__THE DATA__:
== Segment start ==
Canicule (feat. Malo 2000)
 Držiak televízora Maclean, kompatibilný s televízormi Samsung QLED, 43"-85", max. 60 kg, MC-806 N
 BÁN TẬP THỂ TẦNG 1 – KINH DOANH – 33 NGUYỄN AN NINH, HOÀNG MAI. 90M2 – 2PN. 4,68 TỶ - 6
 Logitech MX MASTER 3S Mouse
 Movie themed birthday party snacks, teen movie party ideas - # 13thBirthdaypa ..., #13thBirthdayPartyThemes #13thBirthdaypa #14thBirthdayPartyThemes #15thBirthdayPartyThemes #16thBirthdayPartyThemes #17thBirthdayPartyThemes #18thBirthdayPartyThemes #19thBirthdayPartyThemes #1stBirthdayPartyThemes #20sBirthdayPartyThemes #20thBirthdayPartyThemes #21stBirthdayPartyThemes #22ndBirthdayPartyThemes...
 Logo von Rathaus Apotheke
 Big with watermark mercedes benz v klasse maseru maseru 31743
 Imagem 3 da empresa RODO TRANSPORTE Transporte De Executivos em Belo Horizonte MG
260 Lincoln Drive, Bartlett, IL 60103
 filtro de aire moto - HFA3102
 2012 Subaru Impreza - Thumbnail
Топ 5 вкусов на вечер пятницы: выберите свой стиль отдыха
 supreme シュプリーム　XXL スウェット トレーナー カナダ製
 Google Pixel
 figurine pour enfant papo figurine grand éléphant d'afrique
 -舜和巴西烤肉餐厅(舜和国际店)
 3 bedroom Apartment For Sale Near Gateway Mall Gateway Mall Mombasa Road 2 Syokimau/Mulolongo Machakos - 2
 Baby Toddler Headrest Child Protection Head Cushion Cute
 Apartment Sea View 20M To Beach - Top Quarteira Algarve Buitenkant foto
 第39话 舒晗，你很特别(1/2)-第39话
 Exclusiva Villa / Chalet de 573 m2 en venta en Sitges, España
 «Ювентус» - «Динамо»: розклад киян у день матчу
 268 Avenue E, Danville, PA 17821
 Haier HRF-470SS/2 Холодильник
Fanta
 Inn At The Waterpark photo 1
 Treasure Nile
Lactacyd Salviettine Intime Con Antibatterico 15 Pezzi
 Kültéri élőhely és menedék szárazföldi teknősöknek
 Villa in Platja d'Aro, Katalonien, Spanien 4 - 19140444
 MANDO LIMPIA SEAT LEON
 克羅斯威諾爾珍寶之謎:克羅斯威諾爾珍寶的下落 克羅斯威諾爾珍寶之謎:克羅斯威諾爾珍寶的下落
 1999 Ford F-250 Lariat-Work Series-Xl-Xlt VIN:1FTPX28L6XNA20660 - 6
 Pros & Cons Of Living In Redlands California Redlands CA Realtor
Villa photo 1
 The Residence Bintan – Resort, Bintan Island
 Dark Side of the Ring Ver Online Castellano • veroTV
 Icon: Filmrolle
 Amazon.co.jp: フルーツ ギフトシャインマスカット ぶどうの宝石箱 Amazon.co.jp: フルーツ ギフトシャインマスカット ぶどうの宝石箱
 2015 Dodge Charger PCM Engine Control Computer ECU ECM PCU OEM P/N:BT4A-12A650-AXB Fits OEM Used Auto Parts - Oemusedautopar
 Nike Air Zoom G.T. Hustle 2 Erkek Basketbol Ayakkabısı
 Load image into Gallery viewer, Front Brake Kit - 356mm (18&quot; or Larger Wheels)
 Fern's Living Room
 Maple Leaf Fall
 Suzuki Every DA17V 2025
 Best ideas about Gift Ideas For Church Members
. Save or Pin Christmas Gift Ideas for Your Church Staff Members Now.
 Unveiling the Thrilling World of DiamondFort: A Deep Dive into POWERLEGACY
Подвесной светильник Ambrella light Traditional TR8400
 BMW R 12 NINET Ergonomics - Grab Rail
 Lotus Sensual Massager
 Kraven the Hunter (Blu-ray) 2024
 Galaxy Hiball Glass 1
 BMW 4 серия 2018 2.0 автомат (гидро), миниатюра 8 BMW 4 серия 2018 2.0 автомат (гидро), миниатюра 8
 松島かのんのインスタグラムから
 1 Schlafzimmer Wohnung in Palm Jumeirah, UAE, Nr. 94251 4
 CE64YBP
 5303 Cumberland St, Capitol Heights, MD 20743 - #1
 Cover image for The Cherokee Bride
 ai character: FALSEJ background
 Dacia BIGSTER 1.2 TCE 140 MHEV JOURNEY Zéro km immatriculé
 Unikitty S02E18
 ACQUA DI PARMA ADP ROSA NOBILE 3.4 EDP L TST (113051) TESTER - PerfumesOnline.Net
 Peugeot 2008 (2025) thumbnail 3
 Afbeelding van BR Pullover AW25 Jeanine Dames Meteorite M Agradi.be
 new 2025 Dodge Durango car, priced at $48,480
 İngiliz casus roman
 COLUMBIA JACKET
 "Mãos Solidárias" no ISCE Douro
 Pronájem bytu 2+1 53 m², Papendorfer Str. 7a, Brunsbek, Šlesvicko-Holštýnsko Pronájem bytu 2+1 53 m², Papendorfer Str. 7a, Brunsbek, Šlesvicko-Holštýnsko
== Segment end ==
__WHAT IS BEING ASKED__: Within the data above, the span starting at the line containing "Lactacyd Salviettine Intime" and ending at the line containing "Nike Air Zoom" is to be retyped exactly, with no other lines.

__WRITTEN ANSWER__:
Lactacyd Salviettine Intime Con Antibatterico 15 Pezzi
 Kültéri élőhely és menedék szárazföldi teknősöknek
 Villa in Platja d'Aro, Katalonien, Spanien 4 - 19140444
 MANDO LIMPIA SEAT LEON
 克羅斯威諾爾珍寶之謎:克羅斯威諾爾珍寶的下落 克羅斯威諾爾珍寶之謎:克羅斯威諾爾珍寶的下落
 1999 Ford F-250 Lariat-Work Series-Xl-Xlt VIN:1FTPX28L6XNA20660 - 6
 Pros & Cons Of Living In Redlands California Redlands CA Realtor
Villa photo 1
 The Residence Bintan – Resort, Bintan Island
 Dark Side of the Ring Ver Online Castellano • veroTV
 Icon: Filmrolle
 Amazon.co.jp: フルーツ ギフトシャインマスカット ぶどうの宝石箱 Amazon.co.jp: フルーツ ギフトシャインマスカット ぶどうの宝石箱
 2015 Dodge Charger PCM Engine Control Computer ECU ECM PCU OEM P/N:BT4A-12A650-AXB Fits OEM Used Auto Parts - Oemusedautopar
 Nike Air Zoom G.T. Hustle 2 Erkek Basketbol Ayakkabısı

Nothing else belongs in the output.